Établir des centres de détention à taille humaine
Les initiatives de Gérald Darmanin. En visite à Liancourt, Gérald Darmanin a soulevé la problématique de la surpopulation carcérale, une réalité avec plus de 80 000 détenus en France début novembre, soit une surpopulation dépassant 128%. En se projetant vers la création de nouveaux espaces carcéraux d’ici 2029, Darmanin a suggéré des alternatives plus humaines et localisées. Il a évoqué la pertinence de penser des structures plus petites et adaptées pour exécuter des peines courtes, un écho aux propositions faites antérieurement par d’autres responsables politiques.
Réactions des experts. Dominique Simonnot, contrôleuse générale des lieux de privation de liberté, considère cette idée révolutionnaire et souhaiterait voir de petits établissements en milieu urbain. Néanmoins, elle appelle à explorer également d’autres alternatives pour l’application des peines. Du côté des magistrats, certains comme Kim Reuflet préfèrent éviter les courtes peines, en raison de leurs effets négatifs potentiels sur la réinsertion, tandis que Béatrice Brugère soutient l’idée, notamment pour des peines extrêmement courtes.
Déployer des initiatives pour assainir les prisons
Propositions de Gérald Darmanin. Inspiré de sa stratégie antérieure contre le trafic de drogues, Darmanin veut éradiquer les désordres en prison, notamment la possession illicite de téléphones portables par les détenus. Il projette des interventions technologiques pour neutraliser ces appareils, car leur utilisation facilite diverses illégalités depuis les cellules.
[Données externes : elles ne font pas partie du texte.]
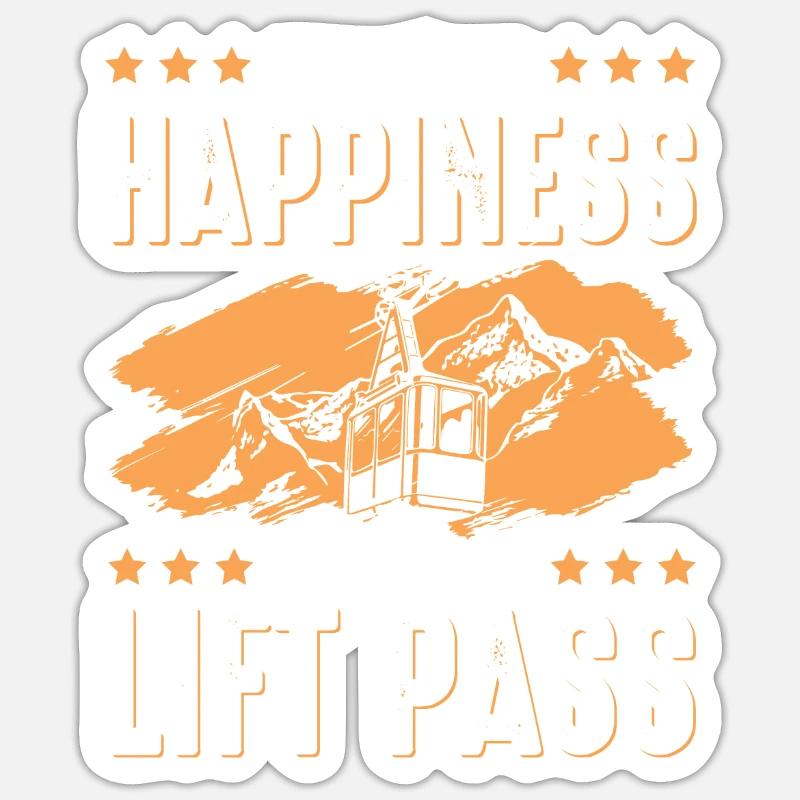 happy ski skiing - Sticker size S (10 x 10 cm) - white matte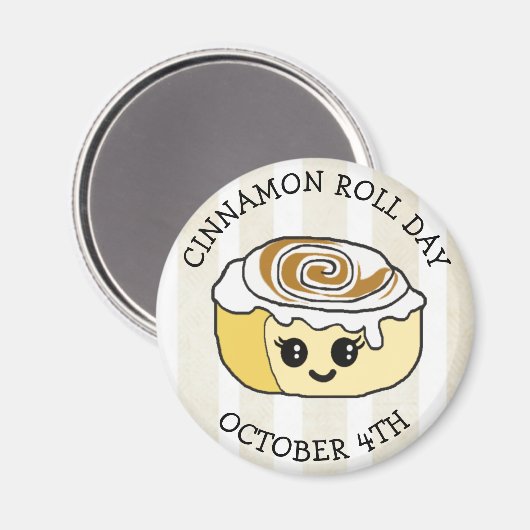 4de oktober is Cinnamon Roll Day Magneet (Voorkant / Achterkant)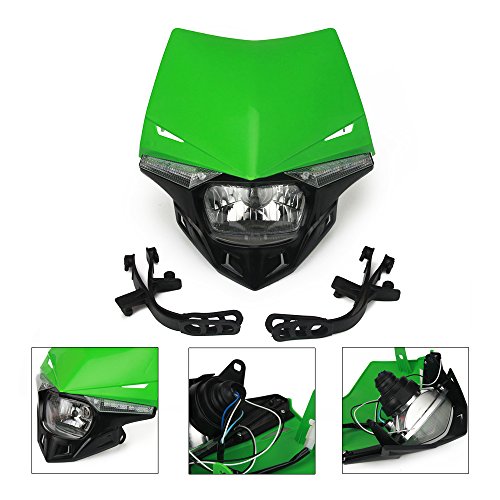 YSMOTO Street Fighter Faros delanteros universales para motocicleta, supermotocicleta, luz LED, para Honda Kawasaki Suzuki 12 V 35 W SX XC SXF XCW XCWF 125 250 300 350 450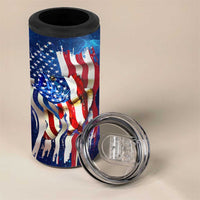 Bass Fishing 4 in 1 Can Cooler Tumbler American Flag Patriotic and Cosmic Galaxy in Blue Red - Wonder Print Shop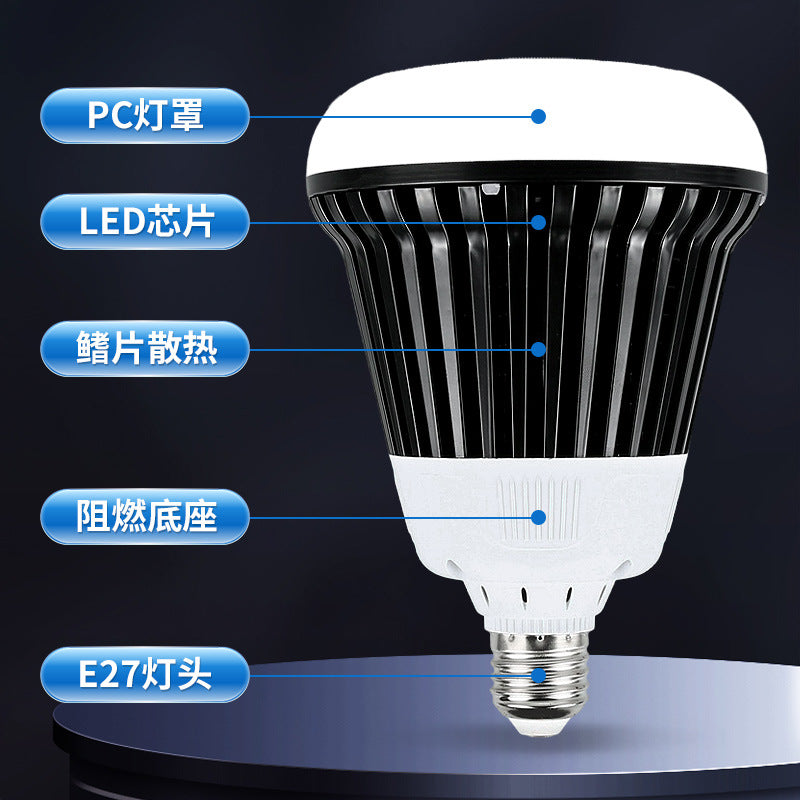 LED high power light bulb gold pier pier black aluminum fin ball bulb factory warehouse permanent lighting e27 screw light bulb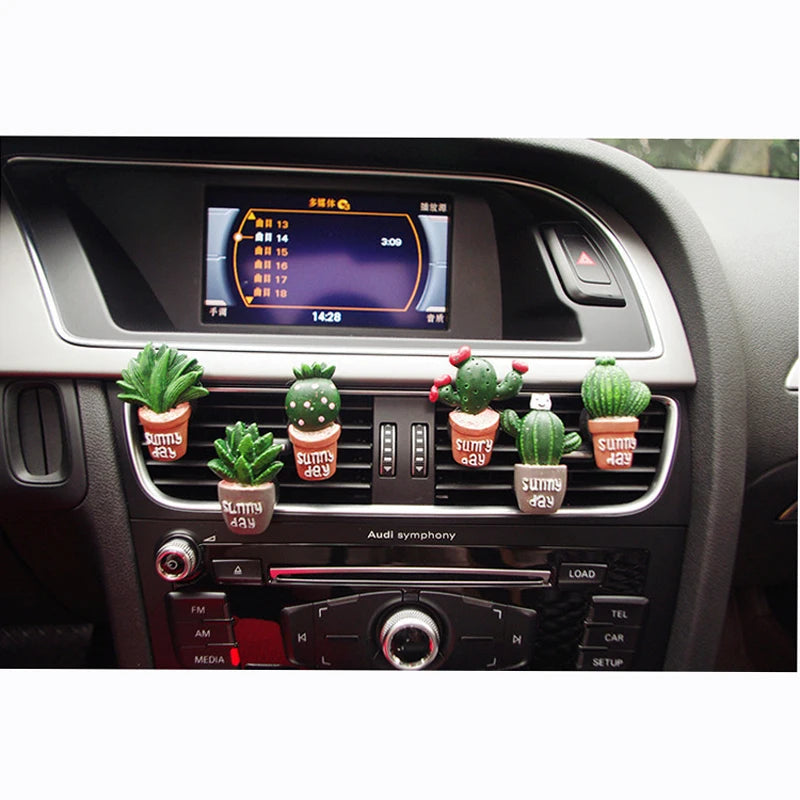 Mini Houseplant/Cactus Car Air Freshener Vent Clip - Plant Lover Gift & New Driver Gift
Opinions divergentes des spécialistes. Cependant, l’impact de telles campagnes antidrogue, comme « place nette XXL », est souvent remis en question par des professionnels, qui les jugent inefficaces face à l’ampleur des enjeux sécuritaires. Wilfried Fonck, du syndicat Ufap-Unsa Justice, note que la prolifération de téléphones n’est qu’une fraction des nombreux défis posés par la surpopulation carcérale et les conditions de détention.
Prolongation de la garde à vue pour les cas de violences sexuelles graves
Déclarations de Gérald Darmanin. Lors d’une entrevue sur TF1, il a abordé l’idée d’augmenter la durée de garde à vue pour certaines infractions de 48 à 72 heures. Il considère cette prolongation comme un moyen d’assurer la protection des victimes et de faciliter le travail technique et scientifique de la police, tout en permettant des interrogatoires plus approfondis.
Point de vue des professionnels. Actuellement, une telle extension est limitée à une poignée de crimes graves et requiert l’avis de juges. Judith Allenbach du Syndicat de la magistrature, souligne que la limitation à 48 heures n’est pas toujours exploitée au maximum, en raison de divers obstacles opérationnels. En revanche, Christophe Miette, représentant des cadres de la sécurité intérieure, juge cette allongement comme potentiellement bénéfique, offrant plus de temps pour bâtir des cas solides et pour s’occuper du bien-être immédiat des victimes.